I don't know whether you know that story that Carlyle tells of Dumbdrudges, or as he calls it, the Town of Dumbdrudge. He says that in a certain town there were certain people brought up at the expense of the community; they were brought up, fed, taught trades; then they were dressed up in red coats or some. thing of that kind, and guns put in their hands; and then in another corner of the world there was another group of people who were brought up and taught trades, crafts, and educated and sustained at the cost of the community, and those two sets of people, for some reason or another, were brought together face to face and somebody said "Fire!" Then there were sixty fewer human beings in the world. They fired simply because they were told, and shot each other down. Then in his grumbling Scottish way he said: "Did these men have anything against each other?" "No." "Then why did they do this thing?" "Simpleton! their governors had fallen out; and instead of shooting one another, had the cunning to make these poor blockheads shoot."

How much better is the story that Lafcadio Hearn tells about the singer. It is the story about a singing woman with a beautiful voice that Lafcadio Hearn heard, a voice that comes out of an ugly mouth and from a face that is pockmarked. Out of that ugly face and from the mouth of that human being comes a song that is so glorious, so beautiful, that he, a foreigner, understands there is something in it which touches all of humanity. It is as if the cry of all the people of all the ages were stirred in him and he wanted to do something on his part towards the uplifting of humanity. It seems to me that that is the lesson that organization teaches to every member of organized labor. We

may be ugly and do strange things, not the right kind of things sometimes, things that cannot be explained to the rest of the world, but that cry, that song that we are teaching is the unity of the human race. We are doing it in the best way that we can. We are trying to sing our song of construction, brotherhood and humanity, and we must not let it be interrupted by these thoughts of war, or be led to war with each other for petty reasons. Our cause must be a common cause for the uplifting of humanity, and that re-writing of history.

Now if I should finish with that thought, I fear you might think I was only a sentimental woman after all, one that does not know about things practical. So I am going to be just a little bit practical in the end, because you know we are not supposed to have sentiment these days; the practical people are the only people who count or do anything, so we are told. But now I want you to think what is the cost of our wars, what is the cost of the standing armies, and what we lose by lack of production, and the cost to us by the increased taxation, the frightful waste of human life, and the great loss of time from profitable occupations in this useless and wasteful occupation of slaughtering each other. Think of the waste that goes on in that! I may not be perfectly correct in my quoting of figures, but wasn't it a million dollars a day that the Japanese war cost? The Russian side surely cost as much as the Japanese. That makes two million dollars a day as the cost of that war in figures. Multiply that by 365 days, a year, and that war lasted more than a year, and we have $730,000,000 spent for destruction.

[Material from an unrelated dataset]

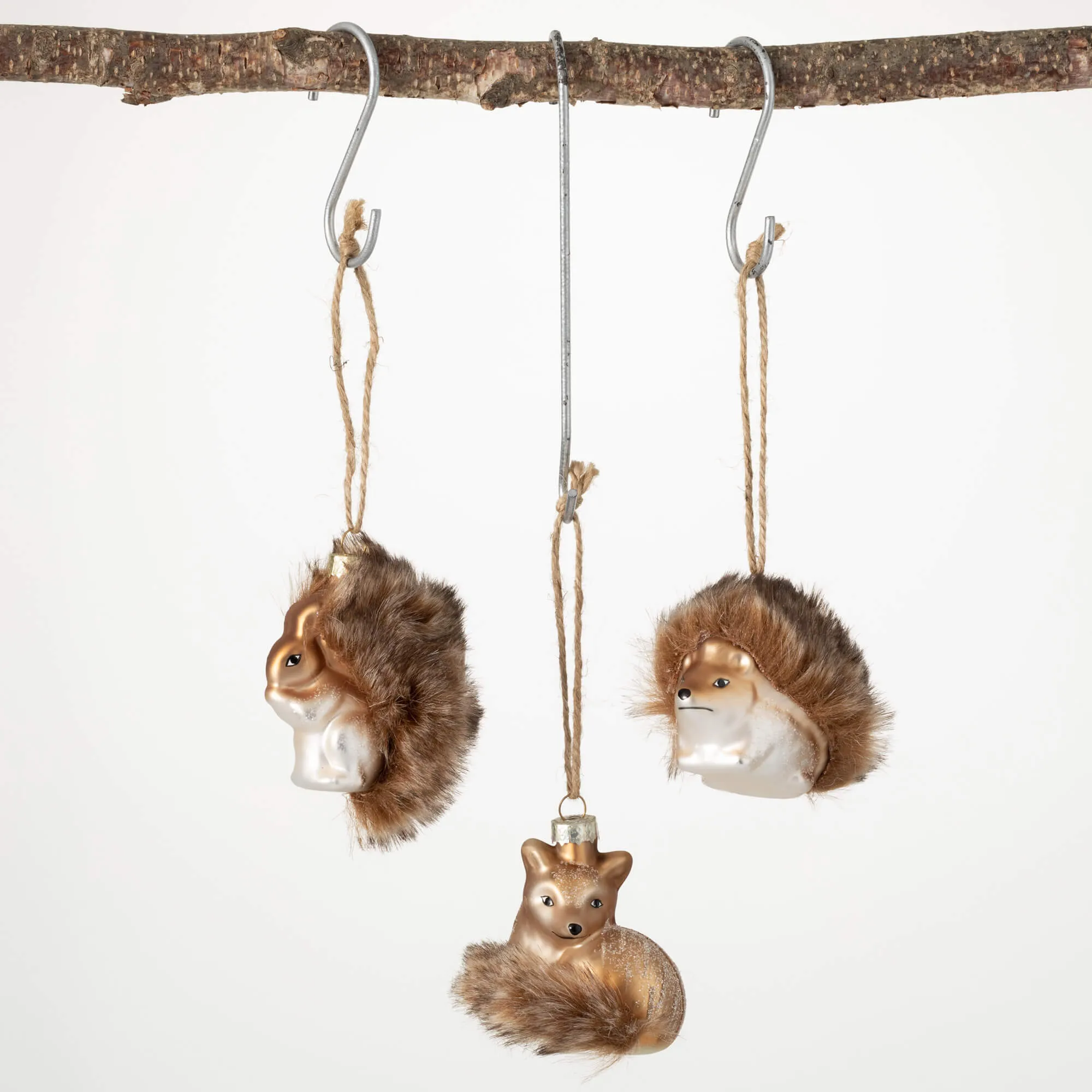 Woodland Animal Ornaments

We are beginning to think in this country that there can be some kind of industrial education for children, that there should be some kind of industrial preparation for life. If we are going to do away with war, we must put Peace on the best foundation, and that is the training up of the children for the work they are going to perform.

Now, at a rough estimate, it costs $150 a year after the public school education to get one of these children through a training school which prepares him or her to do the work that his hands are trained to do. According to that estimate, then, we could have educated industrially 4,800,000 children for the cost of that one year of war. Now those are figures that we ought to think of, and as a woman I want to insist that when we disband

our armies and navies, we should use those splendid warships for taking the children around the world. (Great applause.) Horribly impracticable, I know, to ask a thing like that, but yet I believe I am going to live to see the day when it will be done. (Applause.)

One thing I hope we will advocate at these Peace Conferences. It is always a good plan to see far into the future and to ask for all you ever hope to realize; ask for the whole thing, then you may get a little speck. (Applause.) But ask for all you want; it may take you years to lead up to it, but right in the beginning, know your ideal. Therefore I advocate the abolition of all wars. (Applause.) But I do hope that somebody will advocate that practical measure which I have read the French teachers advocate. I read that the French teachers in their Council have advocated the taking down of all ornaments from the school rooms which have anything to do with militarism. Now you see they realize that if in the young heart of the child you develop the worship of the soldier as a hero, you cannot get the idea of militarism out of his head when he grows up. You must inspire the child when he is young, and in order to do this you must surround him with the right kind of environment. Don't have on the walls pictures of heroes in the shape of soldiers, or pictures of bloody battles as inspiring things for the young mind to look upon. (Applause.)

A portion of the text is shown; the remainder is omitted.